When he joined the organization in the early 1980s, his plan had been to stay for around ten years. When he finally got around to thinking about retirement more than three decades had passed.
“I started here and said maybe seven to 10 years, that sort of thing, and then it became another seven years. Eventually, I just gave up thinking that,” said Heeley. At 64, he will officially retire from HRAI at the end of June.
He began his career in the gas industry working as a lab technician for the Canadian Gas Association (CGA), where his father managed the certification lab. “It’s a story that a lot of young people have. Their parents have an opportunity in the position they are in and from there things just sort of go forward.” While at CGA, he worked as the standards administrator for the national B149 gas code committee. This brought him in contact with the general manager of HRAI who served on the committee and eventually offered him a job as HRAI assistant GM. Heeley was then groomed to become the new president within a few years.
“When I came to HRAI, it was all new to me and I had to sort of learn things again,” said Heeley. “I have no technical background, meaning from a schooling standpoint. Over 36 years, I learned a lot.”
The new job was somewhat intimidating. His background in the gas industry gave him a basic understanding of the heating industry, but he knew nothing when it came to refrigeration and air conditioning. “There are so many facets to HRAI that it took a number of years for me to absorb enough to become a good advocate and representative of the organization, because that’s a lot of what we do,” said Heeley.
Restoring the ozone layer
One of Heeley’s proudest moments as president came when Environment Canada came to HRAI in the late 1990s and asked HRAI to pull together a program to deal with the safe disposal of ozone depleting refrigerants. “We were concerned that Environment Canada would put in place regulations to make disposal mandatory for the industry. We had to find a solution to this issue that the industry could manage and meet the objectives of the government,” said Heeley.
This resulted in the creation of Refrigeration Management Canada – a program that takes back and disposes of ozone depleting refrigerants.
“When we started off, it didn’t look like it was going to work. After lengthy meetings with our members, we finally got the program off the ground and built some momentum. Now it’s been successfully running for 17 years and we are up to about 3.7 million kilograms of refrigerants that have been destroyed,” said Heeley.
For the future of the Institute, Heeley says that its time for someone new to put their stamp on the organization. “I’m not the one to lead it to the next stage. It needs to be somebody else.”
He is working with new general manager Sandy MacLeod for a two-month period to help with the transition to the president’s role.

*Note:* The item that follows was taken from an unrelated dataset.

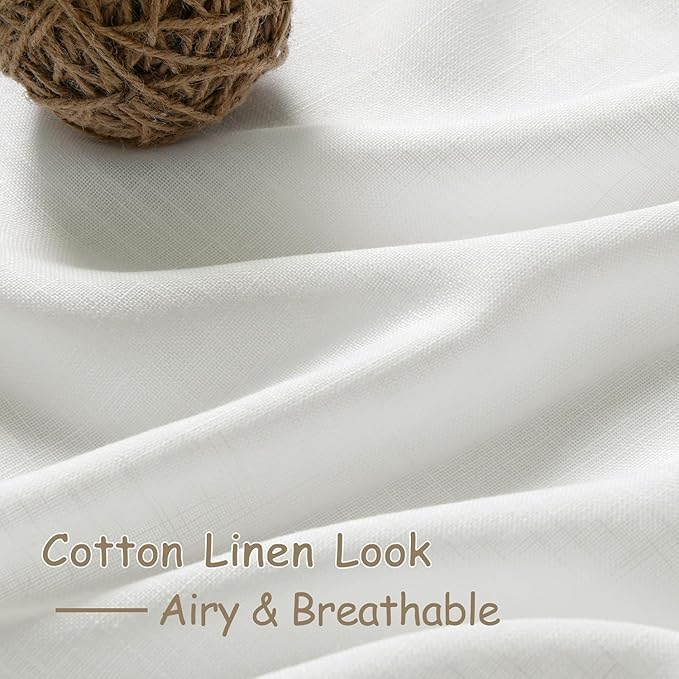 Nanspring Off White Linen Curtains 84 Inch Length 2 Panels Set for Living Room Back Tab Light Filtering Semi Sheer Curtain for Bedroom Farmhouse Drapes, 40x84 Inch, 2 Panels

He describes this transitional period as similar to teaching someone to ride a bike – slowly having MacLeod do things on his own.
Heeley has made sure that MacLeod knows that it’s up to him to determine the future direction of the organization.
“The thing that I am looking forward to the most in my retirement is doing the things I want to do versus doing the things I have to do.” Heeley says that one place people will probably be able to find him is on the golf course. “I want to be enjoying myself and doing a little bit of work.”
Heeley has few regrets. The only disappointment was that he didn’t have enough resources to help all HRAI’s members. “With a wide range of interests within the membership, there are many things that people want, and that then comes down to resources that you have. Sometimes you have to say, ‘we can’t do that.’”
This one issue over the span of 36 years hasn’t stopped Heeley from looking back on his time with fondness and pride.
“I am pleased with how it all turned out. I’ve made some great friends and I’m sure I’ve made some enemies. But you can’t get to where you want to go in business, at least in my mind, unless you have a little of both.”